PROBLEM STATEMENT →
Would you output the listing exactly, with every image omitted?

GIVEN DATA →

....

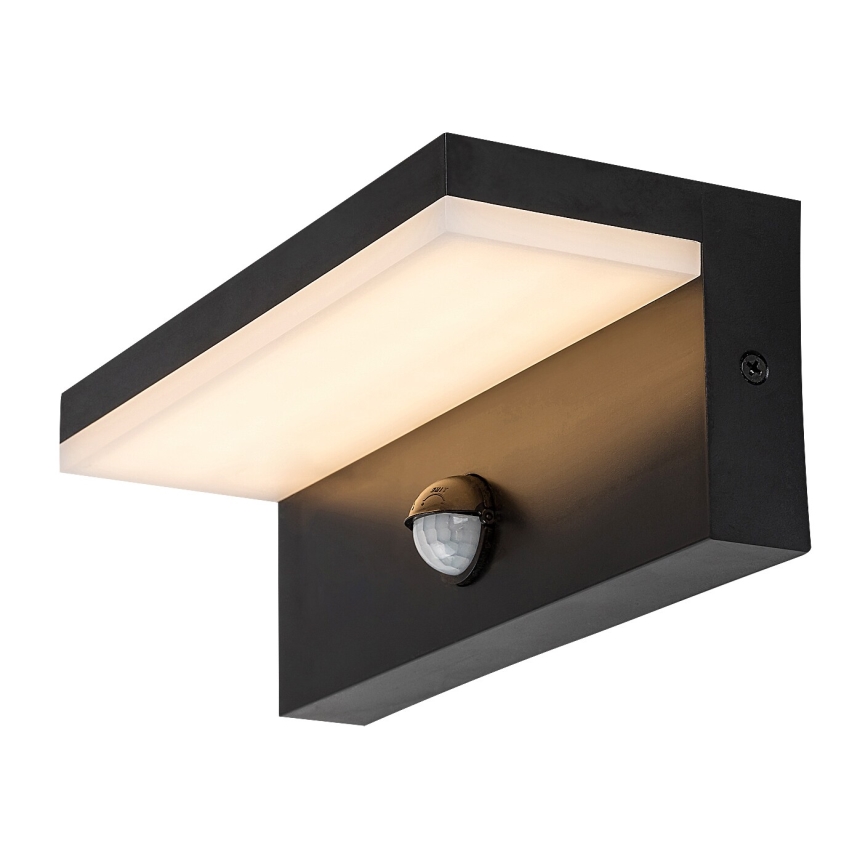 Rabalux - Iluminação de parede LED exterior com sensor LED/9W/230V 2700/4000/6500K IP54 preto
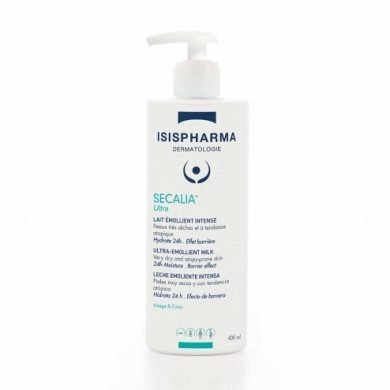 ISISPHARMA Secalia Lait Emollient Intense Ultra Peaux Tres Seches 400ml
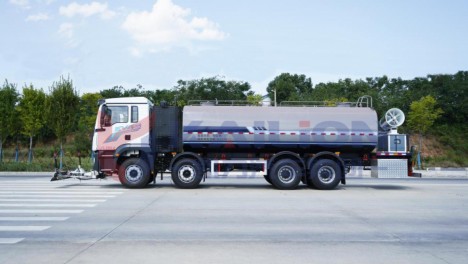 25方陕汽德龙M3000纯电动洒水车_凯力风KLF5310TDYBEV型纯电动绿化喷洒车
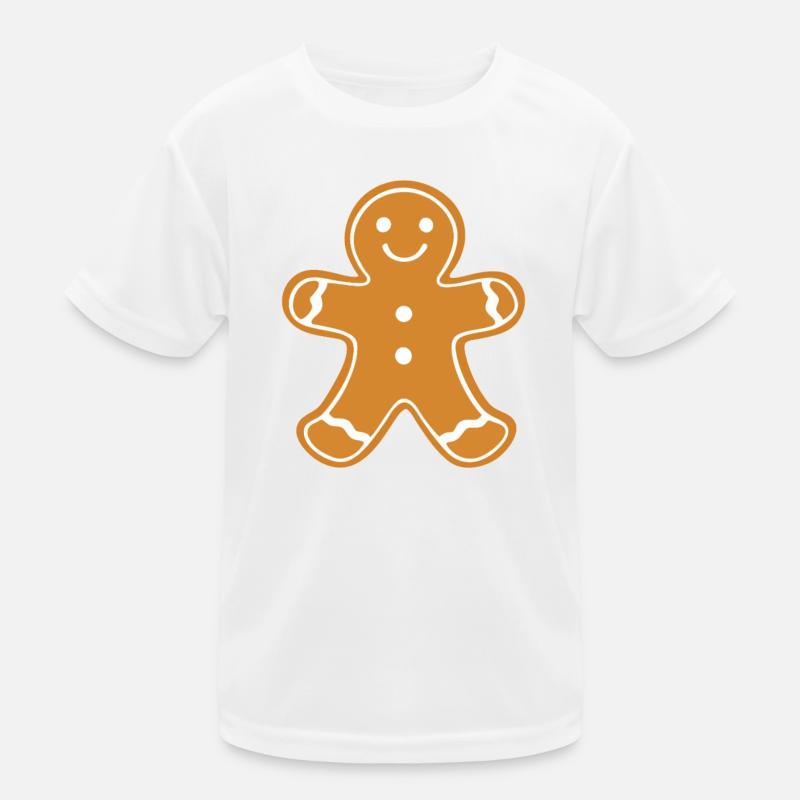 Lebkuchenmann Klassischer Lebkuchenmann Kinder Funktions-T-Shirt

....

OUTPUT →
 Rabalux - Iluminação de parede LED exterior com sensor LED/9W/230V 2700/4000/6500K IP54 preto
 ISISPHARMA Secalia Lait Emollient Intense Ultra Peaux Tres Seches 400ml
 25方陕汽德龙M3000纯电动洒水车_凯力风KLF5310TDYBEV型纯电动绿化喷洒车
 Lebkuchenmann Klassischer Lebkuchenmann Kinder Funktions-T-Shirt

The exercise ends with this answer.